The reverberations of the government’s Autumn Budget are still being felt and the CLA is continuing to challenge many of the announcements that were made in October – both publicly and behind closed doors.

It came as no surprise to see the findings of a new poll showing Labour is losing the countryside, with results indicating voters are rejecting the party over the budget backlash.

A Survation poll of over 1,000 people in England’s 100 most rural seats, commissioned by the CLA, exposes the damage the budget has done to Labour in rural communities.

Twice as many voters (66%) say Labour doesn’t “understand or respect rural communities,” up from 33% before the election, and more than half of voters (57%) say they trust Labour less.

Nearly a quarter (23%) of Labour voters from July are “unhappy” with their vote. As a result, Labour drops into third place across England’s most rural constituencies, behind the Conservatives (34%) and Reform (21%).

The polling also shows deepening fears over Labour’s rural agenda, with 60% saying it’s already broken its pledge to reverse countryside decline, and 70% doubting its ability to boost the rural economy.

When you consider the announcements that were in the budget, the statistics should really come as no surprise with much of the news making bleak reading.

Employers’ national insurance contributions (NICs) up, the baseline for paying NICs down and business and agricultural property relief diminished - it felt as though every encouragement for rural businesses to prudently grow and invest was gone. Add in an announcement last week that there is a pause on capital grants (which help farmers cover the cost of items that deliver specific environmental benefits) and confidence from the industry takes another knock.

We are taking the fight to the Treasury and Defra ministers – not on sentiment but on the hard facts that show many of these measures threaten the viability of many rural businesses. Our arguments against proposed inheritance tax changes for example have been used repeatedly in both Houses of Parliament and by backbench rural MPs who are feeling the heat.

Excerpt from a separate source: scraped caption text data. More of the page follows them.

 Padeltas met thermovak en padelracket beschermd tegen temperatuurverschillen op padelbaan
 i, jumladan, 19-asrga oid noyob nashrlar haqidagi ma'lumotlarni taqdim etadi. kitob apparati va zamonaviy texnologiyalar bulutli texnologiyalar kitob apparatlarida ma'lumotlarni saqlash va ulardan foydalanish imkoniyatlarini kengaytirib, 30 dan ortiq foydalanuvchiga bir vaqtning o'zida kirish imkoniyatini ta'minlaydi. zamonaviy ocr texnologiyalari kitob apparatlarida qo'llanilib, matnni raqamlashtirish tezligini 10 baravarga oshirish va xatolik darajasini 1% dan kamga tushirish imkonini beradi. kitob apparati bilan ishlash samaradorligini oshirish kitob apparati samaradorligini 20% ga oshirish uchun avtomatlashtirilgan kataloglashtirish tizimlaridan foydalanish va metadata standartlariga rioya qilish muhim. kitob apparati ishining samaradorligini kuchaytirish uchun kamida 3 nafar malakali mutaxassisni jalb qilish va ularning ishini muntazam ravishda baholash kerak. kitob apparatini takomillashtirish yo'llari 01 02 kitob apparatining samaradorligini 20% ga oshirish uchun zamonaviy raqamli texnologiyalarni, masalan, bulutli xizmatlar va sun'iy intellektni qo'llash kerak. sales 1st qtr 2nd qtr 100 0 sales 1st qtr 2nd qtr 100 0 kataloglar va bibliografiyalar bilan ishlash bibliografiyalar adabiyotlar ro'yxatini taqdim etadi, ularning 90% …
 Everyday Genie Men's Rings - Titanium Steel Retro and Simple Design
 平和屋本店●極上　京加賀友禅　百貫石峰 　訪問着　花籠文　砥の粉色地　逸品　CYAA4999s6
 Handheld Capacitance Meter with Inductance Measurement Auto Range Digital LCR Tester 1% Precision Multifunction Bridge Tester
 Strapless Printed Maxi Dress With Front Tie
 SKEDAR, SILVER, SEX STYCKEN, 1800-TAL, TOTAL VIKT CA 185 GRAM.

The CLA’s latest economic modelling of arable farms reveals the devastating impact of inheritance tax on rural businesses.

A typical 200-acre farm owned by an individual could face a £370,000 bill, wiping out more than 100% of annual profits. Even couples aren’t spared, with a 350-acre arable farm facing a £475,000 hit, erasing 99% of profits for the next decade.

Family-run farms – which are typically asset-rich but cash-poor – would be forced at best into a cycle of stagnation, asset sales, or debt to cover this tax burden, threatening the long-term viability of the UK’s rural landscape and food security.

The simple truth is that agricultural property relief (APR) and business property relief (BPR) are not loopholes, they are necessary tax reliefs for multi-generational rural businesses.

Rural communities aren’t here to be taxed and forgotten. We’re here to drive growth, to feed the nation, and to fuel the economy. All we want is a government that matches our ambition.

The Christmas period will be an opportunity for everyone to recharge their batteries and spend valuable time with family and friends. But as we head into 2025, the CLA will not falter in its support for rural communities and will continue to hold the government to account for its reckless decisions.